Como dizia o espanhol: não acredito em bruxas, mas que as há, há! E outro, a quem não faltava alguma perspicácia e bom humor: ‘Não acredite em bruxas: são muito mentirosas!’ No entanto, as piores bruxas não são as cartomantes encartadas, a quem só vai quem quer, mas as que andam disfarçadas de professores e educadores de infância e que, sem o consentimento, nem o conhecimento, dos pais e encarregados de educação, introduzem as crianças que lhes são confiadas num mundo de mentiras, medos e superstições, contrário à luz da razão e da fé.

Enquanto as escolas pagãs, ou simplesmente laicas, festejam os horrores do Halloween, com máscaras e desfiles de meterem medo ao susto, bom seria que os colégios cristãos mantivessem a tradição cristã do ‘pão por Deus’, ou a engraçada brincadeira das crianças que vão, de porta em porta, perguntando: ‘doçura ou travessura?’: quem não lhes conceda o doce pedido, não escapa à prometida travessura, que é sempre uma partida inocente. Também vão sendo cada vez mais os colégios católicos que sugerem aos seus alunos mais pequenos que, na véspera da solenidade de todos os santos, se vistam como eles: uma forma muito pedagógica de os familiarizar com esses nossos modelos e heróis. É igualmente muito louvável a iniciativa da paróquia de Santo António de Nova Oeiras, no Patriarcado de Lisboa, que celebra nessa data o Holywins, que significa, literalmente, a Santidade vence!
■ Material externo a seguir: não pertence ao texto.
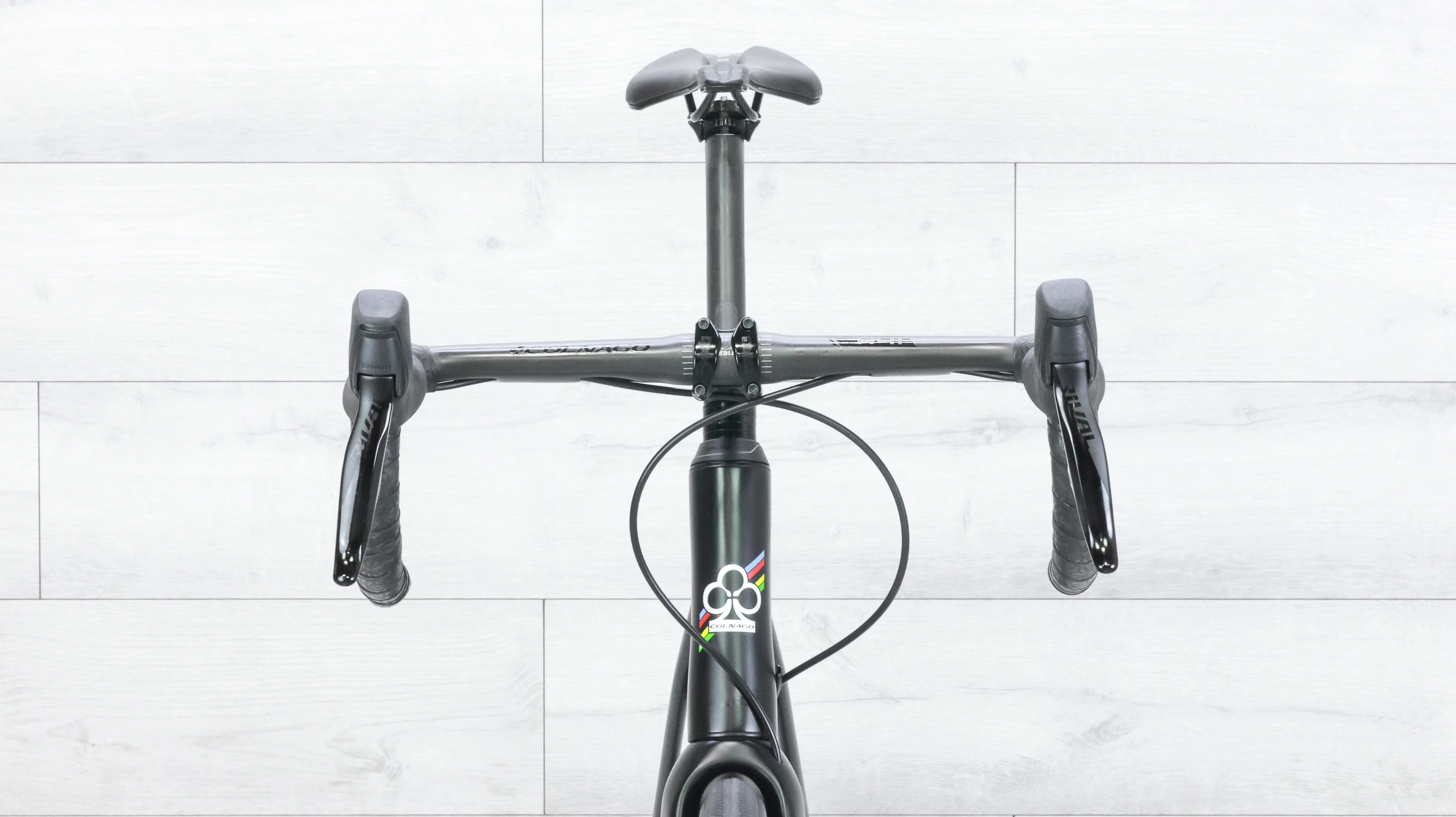 Colnago V3 Rival AXS Road Bike - 2023, 54s - Image 12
Se, como escreveu Chesterton, “para o pagão, as coisas pequenas são tão agradáveis” é porque as não tem grandes: “quando o pagão olha para o coração do cosmo, fica gelado”. Pelo contrário, os cristãos vivemos já, antecipadamente, a alegria dos santos, porque “nem a morte, nem a vida, nem os anjos, nem os principados, nem as coisas presentes, nem as futuras, nem a altura, nem a profundidade, nem nenhuma outra criatura nos poderá separar do amor que Deus nos manifesta em Jesus Cristo Nosso Senhor” (Rm 8, 28.38-39). “Costuma-se dizer” – segundo o autor da Ortodoxia – “que o paganismo é uma religião de alegria e o Cristianismo uma religião de tristeza”, mas, de facto, é o contrário: “o paganismo é pura tristeza e o Cristianismo é pura alegria.”